_Exercise instructions_
Extract each line holding the word "White" from the entries.

Crawled caption data:
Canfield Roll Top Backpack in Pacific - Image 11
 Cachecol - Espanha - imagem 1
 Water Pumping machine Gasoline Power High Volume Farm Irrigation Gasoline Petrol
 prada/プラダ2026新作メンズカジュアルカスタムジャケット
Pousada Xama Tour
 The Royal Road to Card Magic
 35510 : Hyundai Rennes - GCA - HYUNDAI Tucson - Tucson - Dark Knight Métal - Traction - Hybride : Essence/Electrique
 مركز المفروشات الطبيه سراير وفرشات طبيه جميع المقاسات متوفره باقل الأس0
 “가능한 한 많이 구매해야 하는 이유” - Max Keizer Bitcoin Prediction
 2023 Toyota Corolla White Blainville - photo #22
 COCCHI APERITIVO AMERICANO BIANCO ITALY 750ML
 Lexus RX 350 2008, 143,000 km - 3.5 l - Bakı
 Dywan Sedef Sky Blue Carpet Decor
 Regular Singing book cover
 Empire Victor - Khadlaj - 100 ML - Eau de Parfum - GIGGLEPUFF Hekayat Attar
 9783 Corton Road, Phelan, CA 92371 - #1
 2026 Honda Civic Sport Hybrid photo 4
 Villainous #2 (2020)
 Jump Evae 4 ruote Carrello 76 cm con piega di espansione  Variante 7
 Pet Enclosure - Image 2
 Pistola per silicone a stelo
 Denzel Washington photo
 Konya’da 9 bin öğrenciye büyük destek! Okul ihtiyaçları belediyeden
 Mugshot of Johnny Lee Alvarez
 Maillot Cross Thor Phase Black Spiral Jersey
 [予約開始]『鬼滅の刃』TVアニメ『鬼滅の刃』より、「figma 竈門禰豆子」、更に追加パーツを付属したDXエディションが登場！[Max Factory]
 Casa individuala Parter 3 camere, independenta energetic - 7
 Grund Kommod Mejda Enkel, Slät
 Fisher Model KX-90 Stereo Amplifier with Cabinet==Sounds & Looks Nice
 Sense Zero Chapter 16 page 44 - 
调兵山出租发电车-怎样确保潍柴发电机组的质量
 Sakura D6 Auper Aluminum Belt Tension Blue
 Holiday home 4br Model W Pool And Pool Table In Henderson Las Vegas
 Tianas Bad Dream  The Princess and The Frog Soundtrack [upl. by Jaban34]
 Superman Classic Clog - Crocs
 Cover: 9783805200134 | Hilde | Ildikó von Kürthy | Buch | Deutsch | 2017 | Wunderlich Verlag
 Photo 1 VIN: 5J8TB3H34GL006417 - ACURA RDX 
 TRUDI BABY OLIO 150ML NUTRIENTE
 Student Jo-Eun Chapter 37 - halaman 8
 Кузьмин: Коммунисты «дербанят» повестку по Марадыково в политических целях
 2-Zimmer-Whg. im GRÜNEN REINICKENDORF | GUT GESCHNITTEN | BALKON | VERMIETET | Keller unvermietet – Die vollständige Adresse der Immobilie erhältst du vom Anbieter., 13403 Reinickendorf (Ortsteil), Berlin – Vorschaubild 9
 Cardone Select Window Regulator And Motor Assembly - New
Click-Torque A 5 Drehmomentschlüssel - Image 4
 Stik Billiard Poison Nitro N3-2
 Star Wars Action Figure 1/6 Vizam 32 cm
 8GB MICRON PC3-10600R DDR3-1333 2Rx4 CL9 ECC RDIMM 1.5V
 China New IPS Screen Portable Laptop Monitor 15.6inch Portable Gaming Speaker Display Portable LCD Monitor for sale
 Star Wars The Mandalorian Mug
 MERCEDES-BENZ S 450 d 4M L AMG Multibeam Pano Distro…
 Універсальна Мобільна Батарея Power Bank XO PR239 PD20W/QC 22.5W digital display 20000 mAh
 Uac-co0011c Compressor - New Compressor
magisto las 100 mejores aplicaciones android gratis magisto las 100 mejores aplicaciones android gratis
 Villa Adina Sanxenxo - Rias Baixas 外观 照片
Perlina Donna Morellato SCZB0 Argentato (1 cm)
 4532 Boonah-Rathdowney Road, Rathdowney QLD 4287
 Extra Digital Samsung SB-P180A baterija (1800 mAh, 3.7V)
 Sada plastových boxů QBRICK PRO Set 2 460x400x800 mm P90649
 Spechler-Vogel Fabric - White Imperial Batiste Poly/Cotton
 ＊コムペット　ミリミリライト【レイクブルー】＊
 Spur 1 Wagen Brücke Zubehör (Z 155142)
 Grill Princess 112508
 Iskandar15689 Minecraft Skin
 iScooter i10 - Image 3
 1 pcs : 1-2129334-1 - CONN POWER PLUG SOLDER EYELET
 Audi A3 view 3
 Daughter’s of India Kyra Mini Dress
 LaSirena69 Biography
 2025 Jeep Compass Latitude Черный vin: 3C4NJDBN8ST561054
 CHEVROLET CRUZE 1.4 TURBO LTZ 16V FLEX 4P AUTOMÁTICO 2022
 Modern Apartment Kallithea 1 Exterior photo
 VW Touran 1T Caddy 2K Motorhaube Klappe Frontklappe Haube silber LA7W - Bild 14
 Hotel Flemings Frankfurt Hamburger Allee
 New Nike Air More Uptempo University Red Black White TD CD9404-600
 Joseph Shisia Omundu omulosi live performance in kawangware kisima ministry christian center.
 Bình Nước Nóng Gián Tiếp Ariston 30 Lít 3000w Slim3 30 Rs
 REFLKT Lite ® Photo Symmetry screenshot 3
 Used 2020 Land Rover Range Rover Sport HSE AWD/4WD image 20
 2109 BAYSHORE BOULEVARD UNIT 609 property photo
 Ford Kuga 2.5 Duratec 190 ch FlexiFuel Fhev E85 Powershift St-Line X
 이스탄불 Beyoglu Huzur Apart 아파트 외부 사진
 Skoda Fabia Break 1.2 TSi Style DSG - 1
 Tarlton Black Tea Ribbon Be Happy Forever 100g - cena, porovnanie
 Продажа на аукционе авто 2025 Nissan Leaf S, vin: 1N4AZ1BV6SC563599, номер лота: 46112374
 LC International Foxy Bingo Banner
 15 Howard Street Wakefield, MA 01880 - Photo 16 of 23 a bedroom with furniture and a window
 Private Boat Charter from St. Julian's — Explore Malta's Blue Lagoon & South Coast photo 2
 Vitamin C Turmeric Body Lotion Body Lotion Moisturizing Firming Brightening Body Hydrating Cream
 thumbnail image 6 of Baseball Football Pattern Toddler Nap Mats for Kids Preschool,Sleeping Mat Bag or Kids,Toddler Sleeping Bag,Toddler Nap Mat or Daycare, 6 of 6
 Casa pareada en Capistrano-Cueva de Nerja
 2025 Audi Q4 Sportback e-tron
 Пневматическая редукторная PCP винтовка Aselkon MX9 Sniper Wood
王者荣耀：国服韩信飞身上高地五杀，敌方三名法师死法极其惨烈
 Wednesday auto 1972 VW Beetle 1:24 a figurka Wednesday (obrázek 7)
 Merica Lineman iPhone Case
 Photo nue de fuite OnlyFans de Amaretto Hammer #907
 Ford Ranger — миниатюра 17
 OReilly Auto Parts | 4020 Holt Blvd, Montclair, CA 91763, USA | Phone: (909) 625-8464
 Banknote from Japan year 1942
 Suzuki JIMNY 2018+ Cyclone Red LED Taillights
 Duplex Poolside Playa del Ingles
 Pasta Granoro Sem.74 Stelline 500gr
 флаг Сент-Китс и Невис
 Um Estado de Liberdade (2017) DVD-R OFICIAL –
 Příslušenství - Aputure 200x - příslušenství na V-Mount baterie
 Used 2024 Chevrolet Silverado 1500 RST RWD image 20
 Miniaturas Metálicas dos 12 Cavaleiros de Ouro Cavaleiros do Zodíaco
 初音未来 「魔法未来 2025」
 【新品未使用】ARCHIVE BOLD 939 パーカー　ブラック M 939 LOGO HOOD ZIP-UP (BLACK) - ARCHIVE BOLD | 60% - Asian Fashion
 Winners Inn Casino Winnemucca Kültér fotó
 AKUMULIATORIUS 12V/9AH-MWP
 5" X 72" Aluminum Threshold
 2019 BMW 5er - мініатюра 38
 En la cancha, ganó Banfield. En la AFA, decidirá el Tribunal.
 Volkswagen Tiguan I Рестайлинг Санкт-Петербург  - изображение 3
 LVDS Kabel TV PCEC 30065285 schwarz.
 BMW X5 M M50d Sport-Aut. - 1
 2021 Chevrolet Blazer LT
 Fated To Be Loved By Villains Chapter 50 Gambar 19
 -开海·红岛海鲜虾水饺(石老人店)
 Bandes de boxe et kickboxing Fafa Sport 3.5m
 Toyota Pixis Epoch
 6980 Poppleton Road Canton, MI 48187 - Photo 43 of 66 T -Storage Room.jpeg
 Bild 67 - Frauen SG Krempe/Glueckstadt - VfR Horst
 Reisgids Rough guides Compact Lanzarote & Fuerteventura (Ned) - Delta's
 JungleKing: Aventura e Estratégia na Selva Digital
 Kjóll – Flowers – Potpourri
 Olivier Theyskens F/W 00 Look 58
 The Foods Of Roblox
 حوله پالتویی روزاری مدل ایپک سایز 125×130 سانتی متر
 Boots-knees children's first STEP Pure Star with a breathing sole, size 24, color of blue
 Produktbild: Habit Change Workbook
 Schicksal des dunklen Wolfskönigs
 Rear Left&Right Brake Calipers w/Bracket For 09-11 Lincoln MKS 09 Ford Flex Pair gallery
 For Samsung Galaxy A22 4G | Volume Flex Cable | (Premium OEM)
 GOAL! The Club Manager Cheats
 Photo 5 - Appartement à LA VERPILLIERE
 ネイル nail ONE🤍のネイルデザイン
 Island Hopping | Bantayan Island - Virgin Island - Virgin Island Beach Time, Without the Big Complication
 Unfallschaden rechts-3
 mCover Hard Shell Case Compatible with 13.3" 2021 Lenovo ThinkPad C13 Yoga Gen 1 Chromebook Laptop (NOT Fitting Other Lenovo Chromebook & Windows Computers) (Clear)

_Solution_
 2023 Toyota Corolla White Blainville - photo #22
 Spechler-Vogel Fabric - White Imperial Batiste Poly/Cotton
 New Nike Air More Uptempo University Red Black White TD CD9404-600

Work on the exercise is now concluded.